Gene Tierney is best remembered for her performance in the title role of the 1994 film noir classic Laura, which in 2008 was named one of the ten greatest mystery movies by the American FIlm Institute. She also merits recognition for talking publicly about her mental health struggles long before it came common to do so.
Tierney made her film debut at age 20 in the Fritz Lang western The Return of Frank James, and her star ascended rapidly with the success of Laura and also the 1945 film Leave Her To Heaven, which earned her an Academy Award nomination for Best Actress. She married for the first time in 1941, eloping with future fashion star Oleg Cassini, who was then working in Paramount’s costume department. (The couple had two children, the first of whom was born with severe disability that would require lifelong institutionalization. The couple would separate in 1946 and finally divorce in 1952). After separating from Cassini, Tierney had a romance with John F. Kennedy in 1947, though she said he eventually broke it off because she would not fit in with his political ambitions (and in one of history’s odder triangulations, when JFK became president, it was Tierney’s ex-husband, Cassini, who famously designed dresses for Jackie Kennedy).
Tierney’s mental health issues began to interfere with her work in the 1950s, when had to drop out of the production of John Ford’s 1953 film Mogambo, being replaced by Grace Kelly. After finishing production of the 1955 film The Left Hand of God, Tierney took off from acting entirely to seek inpatient treatment that included stays at multiple institutions, shock therapy treatments and days wrapped in icy sheets to control her mood swings. This story includes images by LIFE photographer Francis Miller from when Tierney was discovered to be working anonymously as a sales clerk at a dress shop near Topeka, Kansas, reportedly as part of her therapy.
In 1958 Tierney declared herself ready to act again. Photographer Allan Grant chronicled her return to Hollywood in LIFE’s Sept. 29, 1958 issue. In that story she talked openly about her mental health treatment:
Looking happy, relaxed, and as exotically lovely as ever, Gene Tierney came back to Hollywood last week after four long absent years. Starting at her old studio, 20th Century Fox, which had continued her salary all through her absence, she toured movie lots on which for 18 years and 25 major films she had been one of the brightest stars. She was, she said, “letting people know I am back in town and available for work.” And everywhere she went top executives, actors, carpenters, came hurrying to shake her hand or hug and kiss her and welcome her home.

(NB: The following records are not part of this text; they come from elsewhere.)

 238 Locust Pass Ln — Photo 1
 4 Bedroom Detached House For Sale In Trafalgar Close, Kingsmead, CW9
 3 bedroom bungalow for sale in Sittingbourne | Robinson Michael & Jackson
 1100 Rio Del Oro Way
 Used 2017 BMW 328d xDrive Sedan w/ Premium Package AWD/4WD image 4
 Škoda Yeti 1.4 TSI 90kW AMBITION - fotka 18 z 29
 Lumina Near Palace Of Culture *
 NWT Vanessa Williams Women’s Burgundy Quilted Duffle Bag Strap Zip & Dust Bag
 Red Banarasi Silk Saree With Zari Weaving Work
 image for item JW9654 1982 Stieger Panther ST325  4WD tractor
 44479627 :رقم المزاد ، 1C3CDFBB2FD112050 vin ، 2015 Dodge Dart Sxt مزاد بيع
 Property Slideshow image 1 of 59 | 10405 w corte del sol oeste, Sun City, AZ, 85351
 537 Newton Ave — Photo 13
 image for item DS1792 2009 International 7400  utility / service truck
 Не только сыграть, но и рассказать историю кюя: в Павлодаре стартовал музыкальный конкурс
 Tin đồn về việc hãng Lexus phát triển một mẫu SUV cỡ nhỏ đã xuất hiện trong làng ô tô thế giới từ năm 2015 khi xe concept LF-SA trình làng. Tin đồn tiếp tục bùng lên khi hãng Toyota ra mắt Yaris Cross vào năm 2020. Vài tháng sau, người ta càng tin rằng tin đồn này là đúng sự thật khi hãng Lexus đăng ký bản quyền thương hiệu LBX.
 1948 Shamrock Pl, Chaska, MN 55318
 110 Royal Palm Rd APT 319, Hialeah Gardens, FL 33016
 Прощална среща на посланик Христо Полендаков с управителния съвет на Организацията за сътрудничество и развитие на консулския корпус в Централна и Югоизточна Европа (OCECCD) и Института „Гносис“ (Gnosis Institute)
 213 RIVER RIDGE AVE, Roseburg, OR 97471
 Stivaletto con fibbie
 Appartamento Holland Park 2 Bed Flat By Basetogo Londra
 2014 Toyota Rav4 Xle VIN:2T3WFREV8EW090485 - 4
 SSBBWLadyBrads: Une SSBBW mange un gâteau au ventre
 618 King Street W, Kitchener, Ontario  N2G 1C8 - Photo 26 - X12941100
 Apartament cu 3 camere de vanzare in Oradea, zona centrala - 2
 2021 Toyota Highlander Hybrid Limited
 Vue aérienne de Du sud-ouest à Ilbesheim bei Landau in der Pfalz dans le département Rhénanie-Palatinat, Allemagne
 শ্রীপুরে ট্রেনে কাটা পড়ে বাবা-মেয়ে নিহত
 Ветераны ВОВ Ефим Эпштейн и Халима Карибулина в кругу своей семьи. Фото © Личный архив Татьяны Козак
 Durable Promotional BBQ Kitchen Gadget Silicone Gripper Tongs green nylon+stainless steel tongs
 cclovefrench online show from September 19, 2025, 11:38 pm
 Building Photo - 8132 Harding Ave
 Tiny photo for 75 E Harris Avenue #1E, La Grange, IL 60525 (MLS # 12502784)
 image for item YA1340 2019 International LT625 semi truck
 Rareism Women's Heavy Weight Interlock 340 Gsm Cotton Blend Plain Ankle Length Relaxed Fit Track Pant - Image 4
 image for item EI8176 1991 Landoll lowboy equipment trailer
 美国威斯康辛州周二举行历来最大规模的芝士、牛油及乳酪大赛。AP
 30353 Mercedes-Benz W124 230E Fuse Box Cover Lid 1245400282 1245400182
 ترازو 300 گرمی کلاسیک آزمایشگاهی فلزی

To those who asked, Gene, who is now 37, spoke with easygoing directness about where she had been—burdened with personal troubles, she had broken down. She had spent one and a half years in the Institute of Living in Hartford, Conn., a mental sanitarium, then gone into seclusion, then had been for eight months at the Karl Messinger mental clinic in Topeka, Kan. “It was a time,” she said, “for rest and quiet and there were many wonderful things—doctors, other patients. And I found a new pleasure in reading. The words began to mean more than ever before,” and she recited Shakespeare’s sonnet, “When, in disgrace with fortune and men’s eyes/I alone beweep my outcast state/and trouble deaf heaven with my bootless cries/and look upon myself and curse my fate….” Then she said, “But I was most fortunate. My illness was curable.”
In the photos she was all smiles. But while Tierney did get back to moviemaking, her career over the next few years was marked by stops and starts. By 1964 she had largely retired from acting, returning only on rare occasions. She wrote an autobiography, Self-Portrait, that came out in 1979 and detailed her battles with mental illness. Her final acting role was in the 1980 TV miniseries Scruples.
She married for a second time, to Texas oilman W. Howard Lee in 1960, and they were together in Houston until his death in 1981. Tierney died on Nov. 6, 1991 at age 70.